### MATERIAL PROVIDED:
=== Begin Enclosure ===

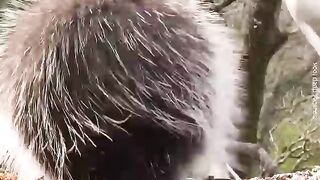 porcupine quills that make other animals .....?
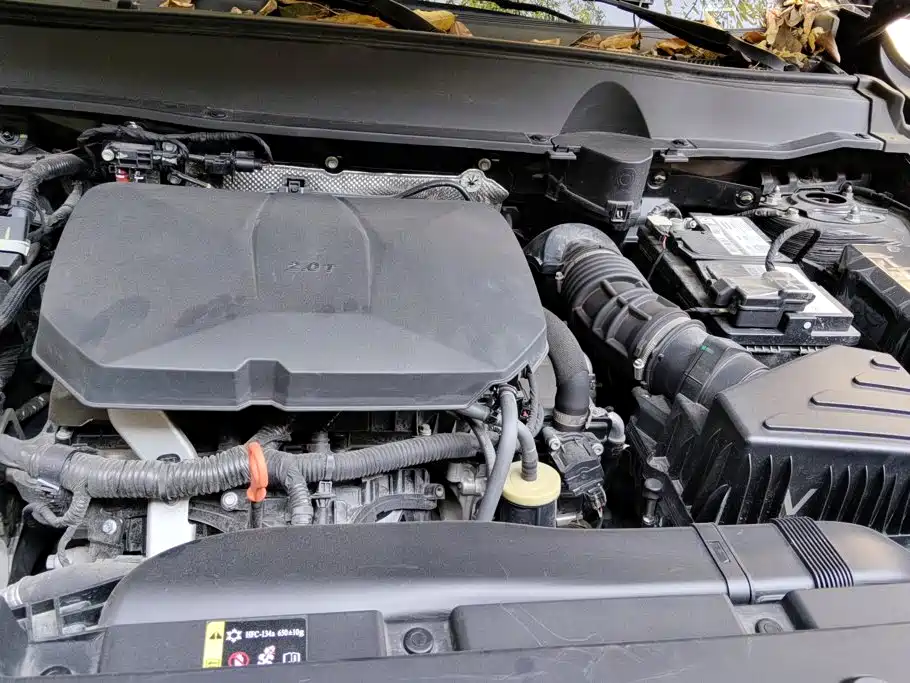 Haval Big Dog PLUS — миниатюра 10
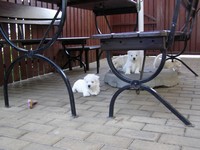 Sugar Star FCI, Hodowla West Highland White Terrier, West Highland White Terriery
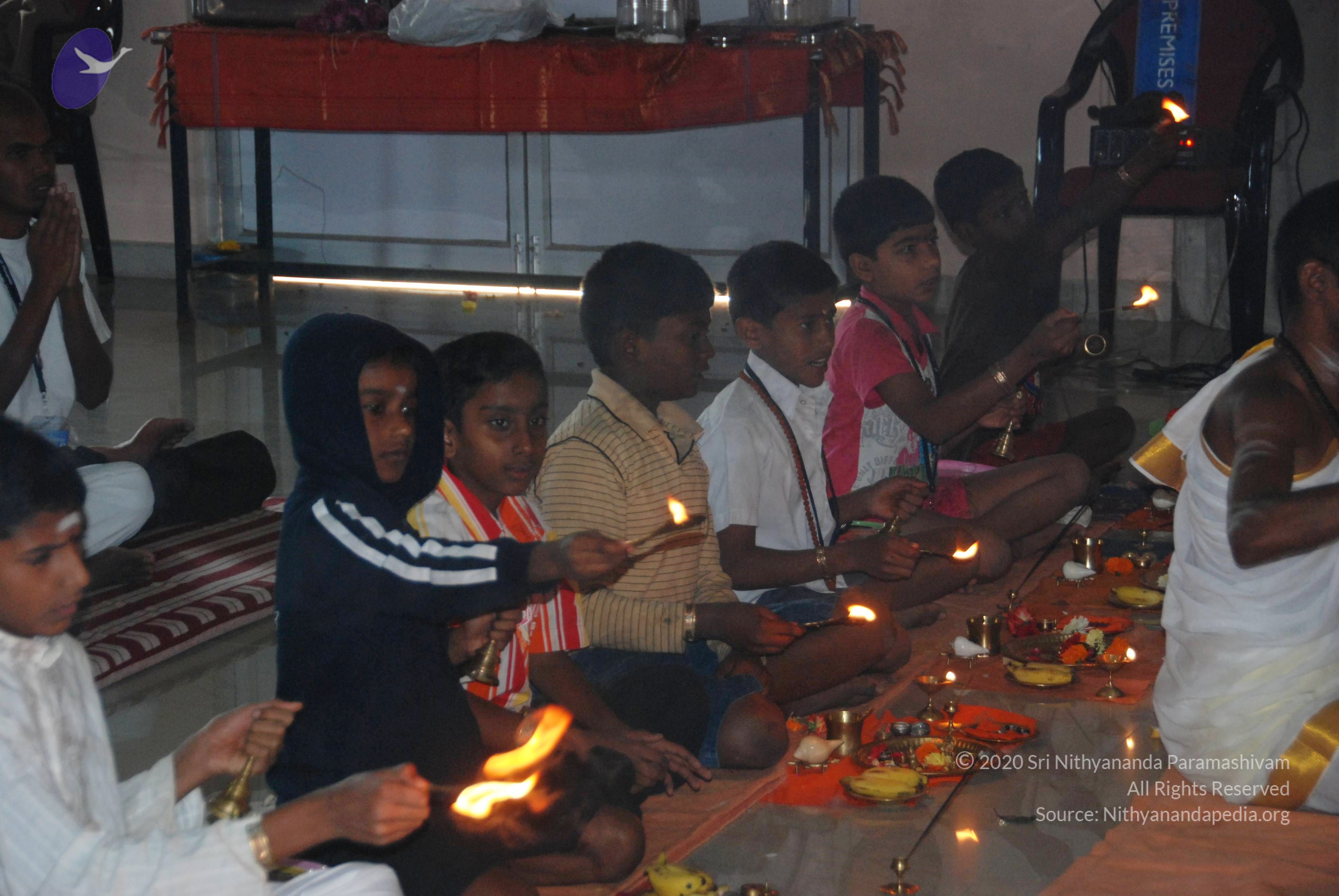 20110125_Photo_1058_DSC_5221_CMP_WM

=== End Enclosure ===
=== Begin Enclosure ===

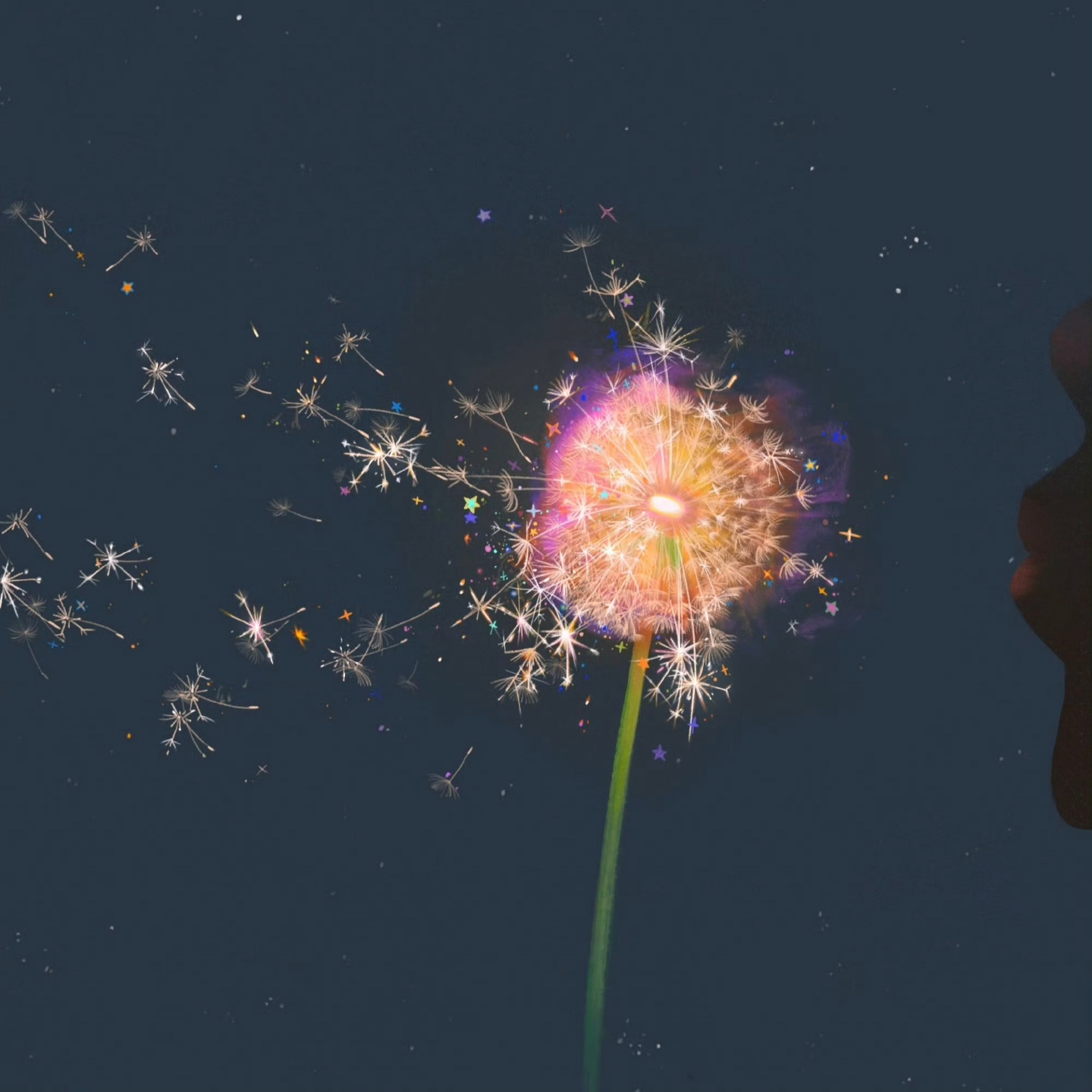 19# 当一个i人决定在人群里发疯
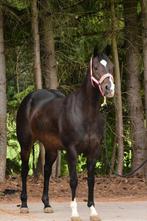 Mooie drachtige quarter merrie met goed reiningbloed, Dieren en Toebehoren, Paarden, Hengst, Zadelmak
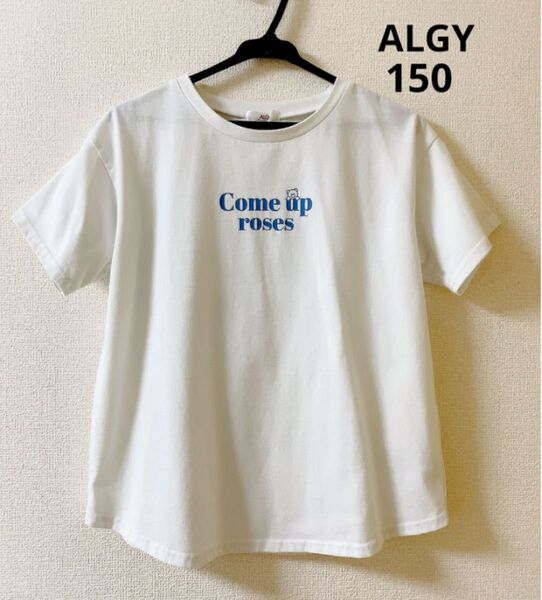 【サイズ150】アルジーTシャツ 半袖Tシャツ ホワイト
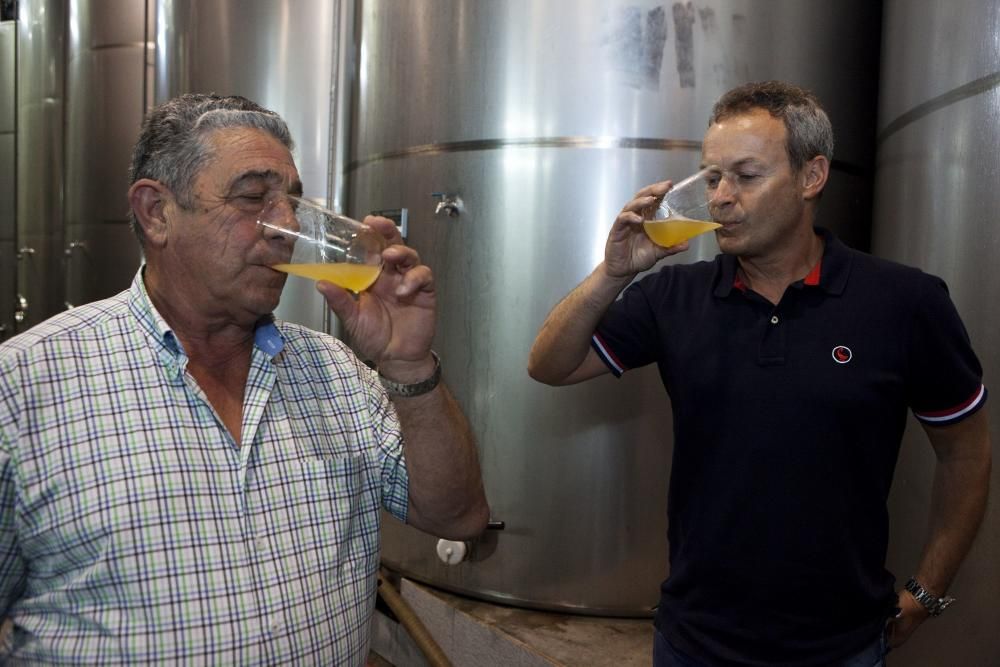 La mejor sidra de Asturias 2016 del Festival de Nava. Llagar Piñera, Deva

=== End Enclosure ===
=== Begin Enclosure ===

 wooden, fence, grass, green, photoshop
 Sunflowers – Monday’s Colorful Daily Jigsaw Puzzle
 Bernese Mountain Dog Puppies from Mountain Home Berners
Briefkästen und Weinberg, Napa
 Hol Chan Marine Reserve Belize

=== End Enclosure ===

### ASSIGNMENT:
From the records above, copy only the lines starting with the line that holds "wooden, fence, grass, green, photoshop" and going on through the line that holds "Hol Chan Marine Reserve Belize", exactly as written.

### EXERCISE OUTPUT:
 wooden, fence, grass, green, photoshop
 Sunflowers – Monday’s Colorful Daily Jigsaw Puzzle
 Bernese Mountain Dog Puppies from Mountain Home Berners
Briefkästen und Weinberg, Napa
 Hol Chan Marine Reserve Belize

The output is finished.